Asif A. Sharfuddin^*,, Ruben M. Sandoval^*,, David T. Berg, Grant E. McDougal^*, Silvia B. Campos^*, Carrie L. Phillips^*,, Bryan E. Jones, Akanksha Gupta, Brian W. Grinnell and Bruce A. Molitoris^*,

^* Division of Nephrology, Department of Medicine, Indiana University School of Medicine, Indianapolis, Indiana; Roudebush VA Medical Center, Indianapolis, Indiana; Biotechnology Discovery Research, Lilly Research Laboratories, Indianapolis Indiana; Department of Pathology and Division of Nephrology, Indiana University School of Medicine, Indianapolis, Indiana

Correspondence: Dr. Bruce A Molitoris, 950 W. Walnut Street, R2-202, Indianapolis, IN 46202. Phone: 317-274-7453; Fax: 317-274-8575; E-mail: bmolitor{at}iupui.edu

Received for publication June 11, 2008. Accepted for publication September 22, 2008.

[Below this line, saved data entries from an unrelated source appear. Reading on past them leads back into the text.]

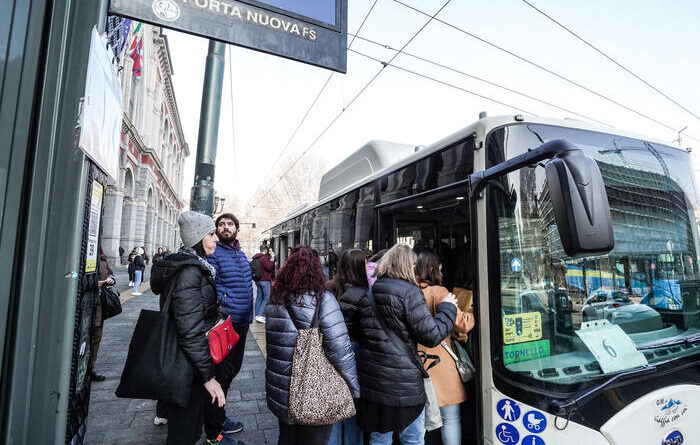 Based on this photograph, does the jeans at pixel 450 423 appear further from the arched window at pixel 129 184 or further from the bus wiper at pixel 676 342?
the arched window at pixel 129 184

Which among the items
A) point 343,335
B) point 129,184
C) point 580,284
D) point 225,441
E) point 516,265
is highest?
point 129,184

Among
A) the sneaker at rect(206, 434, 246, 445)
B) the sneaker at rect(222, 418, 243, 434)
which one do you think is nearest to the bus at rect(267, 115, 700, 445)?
the sneaker at rect(206, 434, 246, 445)

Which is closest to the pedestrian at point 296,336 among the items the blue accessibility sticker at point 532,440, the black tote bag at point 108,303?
the blue accessibility sticker at point 532,440

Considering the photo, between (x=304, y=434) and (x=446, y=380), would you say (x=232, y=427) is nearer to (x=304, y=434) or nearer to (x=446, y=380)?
(x=304, y=434)

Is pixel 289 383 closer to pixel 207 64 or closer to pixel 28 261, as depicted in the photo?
pixel 28 261

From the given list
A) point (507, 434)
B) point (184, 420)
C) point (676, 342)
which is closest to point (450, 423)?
point (507, 434)

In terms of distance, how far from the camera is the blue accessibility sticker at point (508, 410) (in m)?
2.07

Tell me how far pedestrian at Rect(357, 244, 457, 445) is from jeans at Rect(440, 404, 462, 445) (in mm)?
203

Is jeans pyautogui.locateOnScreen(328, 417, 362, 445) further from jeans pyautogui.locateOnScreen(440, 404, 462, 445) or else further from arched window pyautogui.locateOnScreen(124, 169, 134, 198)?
arched window pyautogui.locateOnScreen(124, 169, 134, 198)

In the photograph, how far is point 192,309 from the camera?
2.28 meters

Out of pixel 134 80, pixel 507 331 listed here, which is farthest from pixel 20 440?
pixel 134 80

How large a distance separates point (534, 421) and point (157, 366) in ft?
7.01

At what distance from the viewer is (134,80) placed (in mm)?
21703

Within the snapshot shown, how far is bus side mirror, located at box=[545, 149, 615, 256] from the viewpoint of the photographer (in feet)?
5.42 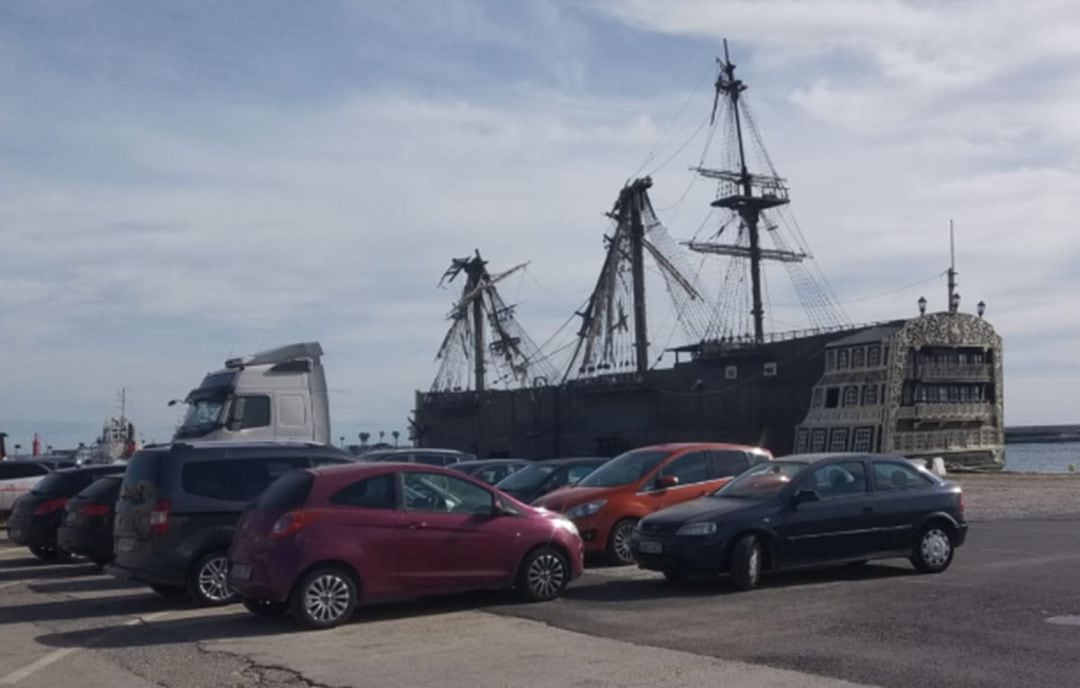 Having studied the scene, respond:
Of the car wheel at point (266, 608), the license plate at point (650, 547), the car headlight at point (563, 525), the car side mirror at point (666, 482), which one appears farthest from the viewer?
the car side mirror at point (666, 482)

Altered coagulation and inflammation contribute to the pathogenesis of ischemic renal injury. Thrombomodulin is a necessary factor in the anticoagulant protein C pathway and has inherent anti-inflammatory properties. We studied the effect of soluble thrombomodulin (sTM) in a hypoperfusion model of ischemic kidney injury. To markedly reduce infrarenal aortic blood flow and femoral arterial pressures, we clamped the suprarenal aorta of rats, occluding them 90%, for 60 min. Reversible acute kidney injury (AKI) occurred at 24 h in rats subjected to hypoperfusion. Histologic analysis at 24 h revealed acute tubular necrosis (ATN), and intravital two-photon microscopy showed flow abnormalities in the microvasculature and defects of endothelial permeability. Pretreatment with rat sTM markedly reduced both I-R-induced renal dysfunction and tubular histologic injury scores. sTM also significantly improved microvascular erythrocyte flow rates, reduced microvascular endothelial leukocyte rolling and attachment, and minimized endothelial permeability to infused fluorescence dextrans, assessed by intravital quantitative multiphoton microscopy. Furthermore, sTM administered 2 h after reperfusion protected against ischemia-induced renal dysfunction at 24 h and improved survival. By using an sTM variant, we also determined that the protective effects of sTM were independent of its ability to generate activated protein C. These data suggest that sTM may have therapeutic potential for ischemic AKI.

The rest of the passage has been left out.